Em Belo Horizonte a manifestação saiu da Praça da Rodoviária e seguiu pela Rua dos Guaicurus, famoso ponto de prostituição da cidade. Entre olhares curiosos e espiadinhas pelas janelas a marcha entoou o verso: “Vem, vem para a marcha vem!”. Seguiu em direção a Praça da Estação e logo em direção a Praça da Liberdade. A marcha este ano, em comparação a realizada no ano anterior, ganhou força! Mulheres de todas as idades, de vários movimentos e organizações, vestidas, nuas ou fantasiadas, com frases escritas no corpo ou/e cartazes, algumas carregando os filhos(as), unidas por uma só causa: Nenhuma violência de gênero é justificável! Vários rapazes, fantasiados ou não, usando batom vermelho e carregando cartazes ajudaram a compor o movimento. Inconformismo, indignação, irreverência, criatividade marcaram a passeata ao som de “Se o corpo é da mulher, ela dá para quem quiser”, “Ei machista, meu orgasmo é uma delícia”, “Violência contra a mulher, não é o mundo que a gente quer”.
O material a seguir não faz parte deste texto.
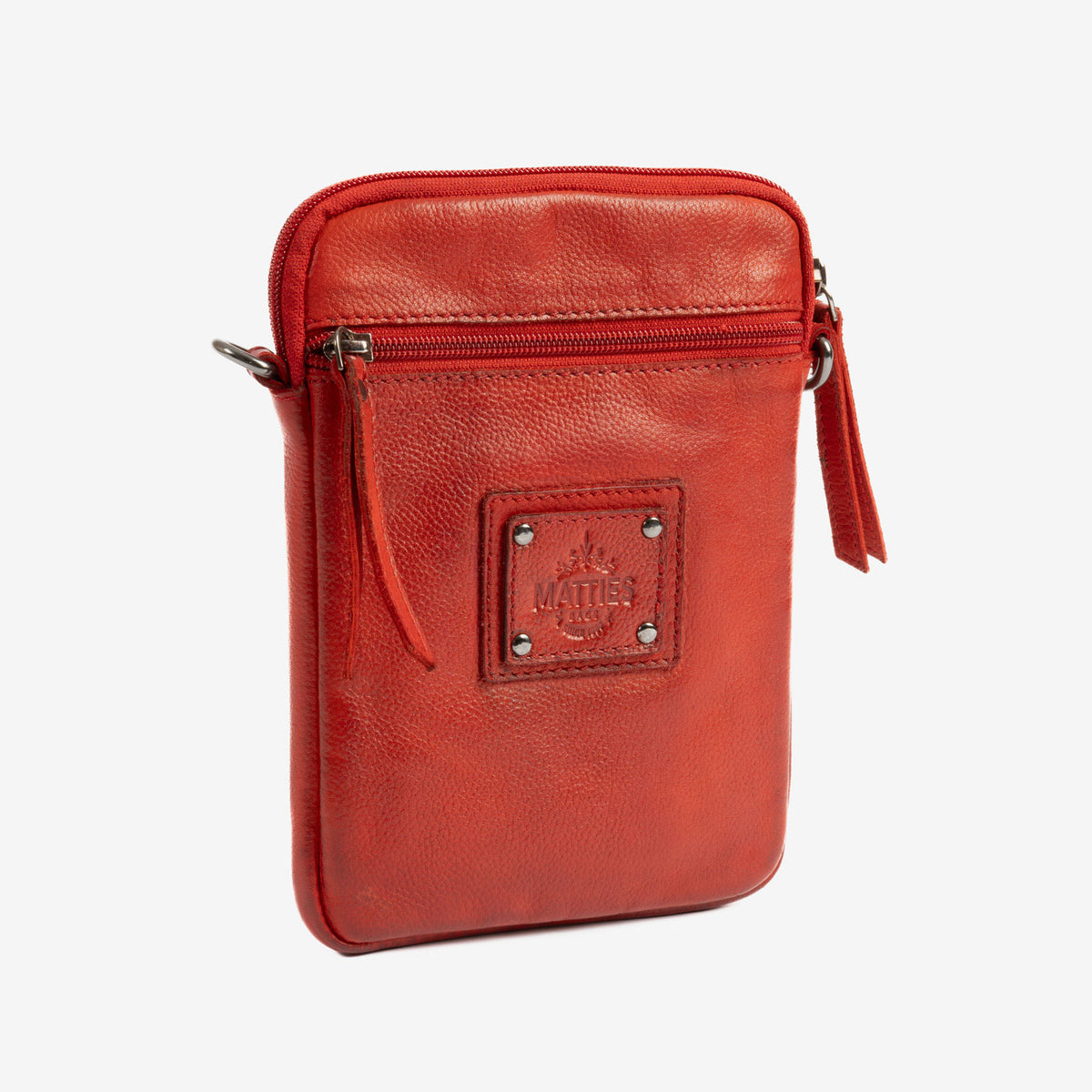 Bolso bandolera vertical de piel natural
Participei das duas Marcha das Vadias realizadas até o momento na cidade de Belo Horizonte e a percepção que tive é que esse ano ela ganhou força, não só em números, mas em intensidade. Ainda há muita incompreensão sobre os objetivos do movimento e um grande incomodo causado pela nome da marcha, mas não poderia ser diferente visto a proposta é justamente dar visibilidade a questão da violência, do cerceamento da liberdade feminina e fomentar o esvaziamento do teor pejorativo dos termos puta, vadia e vagabunda. “Se ser é ser vadia, somos todas vadias!”.
Dois dias depois da Marcha, ao passar perto de uma banca, a manchete de um jornalal me chamou atenção: “Mulher de respeito: Panicat diz ter transado com apenas dois homens”. Não resisti e li a notícia: “Praticamente virgem…”. Na hora me lembrei de uma frase que foi cantada na Marcha: “A minha luta é todo dia, mulher não é mercadoria”. Não importa com quantos homens ela transou, com quantos homens transamos, isso é escolha nossa e isso não deve ser pré-requisito para respeito.
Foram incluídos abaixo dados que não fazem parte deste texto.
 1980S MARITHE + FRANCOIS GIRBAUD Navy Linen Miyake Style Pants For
É preciso coragem de pintar no próprio corpo a frase “eu sou vadia”, de “dar a cara a tapa” sem medo de represálias e contribuir para fim da dicotomia que ajuda a manter a violência de gênero. Ou mesmo de dizer “nem santa, nem puta, sou mulher”, pois a violência de gênero, pode atingir qualquer uma e como disse anteriormente, a linha que separa a santa da puta é tênue e imaginária, e é uma construção social com o objetivo de controle do comportamento feminino e utilizada como justificativa de violência caso seja ultrapassada.
A história é viva, a mudança se faz por estes atos, se faz por mobilização e por inconformismo. As mudanças ocorrem porque alguns tem a coragem de se mostrar, de sair da zona de conforto e questionar situações opressivas naturalizadas no cotidiano. A Marcha das Vadias não vai mudar, em um curto intervalo de tempo, a situação da violência de gênero e a forma de pensar da maioria da população, mas serve para fomentar possíveis mudanças de pensamento em algumas pessoas e para pressionar as autoridades e a população a não aceitar justificativas para violências de gênero. A mudança é lenta, é um processo.
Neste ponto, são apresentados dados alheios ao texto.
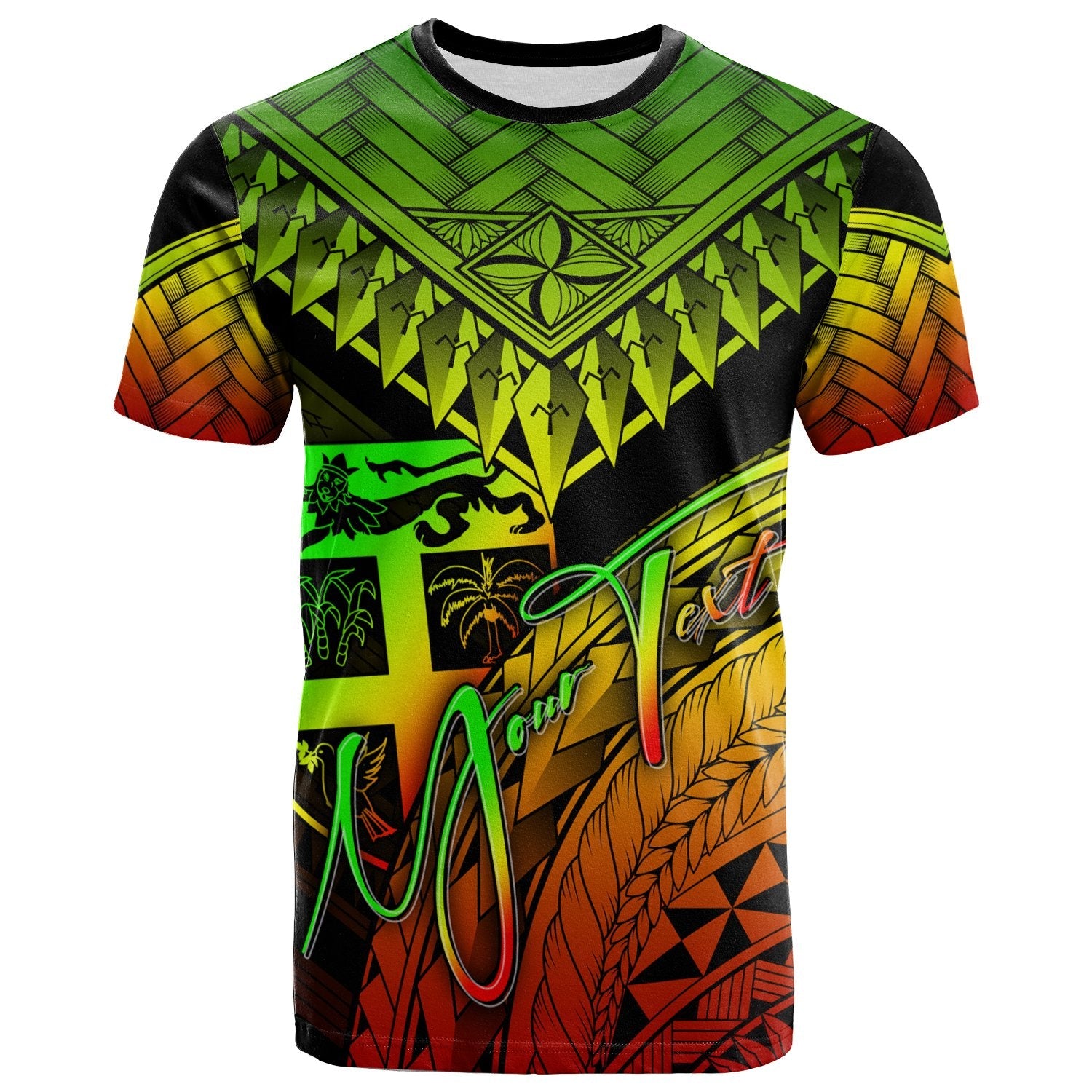 Fiji Custom Personalised T Shirt Reggae Polynesian Necklace and Lauhala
Uma das cenas mais bonitas foi a de uma senhora no alto de um prédio balançando uma bandeira de apoio a marcha. A verdadeira e mais importante mensagem que este movimento trouxe é que: Nós, mulheres de várias partes do mundo, NÃO vamos nos conformar e NÃO vamos nos calar frente a violência!
PIMENTEL, Silvia; PANDJIARJIAN, Valéria; BELLOQUE, Juliana. “‘Legítima defesa da honra’: ilegítima impunidade dos assassinos: um estudo crítico da legislação e jurisprudência da América Latina. Cadernos Pagu, Campinas: Unicamp, p. 65-134, 2006.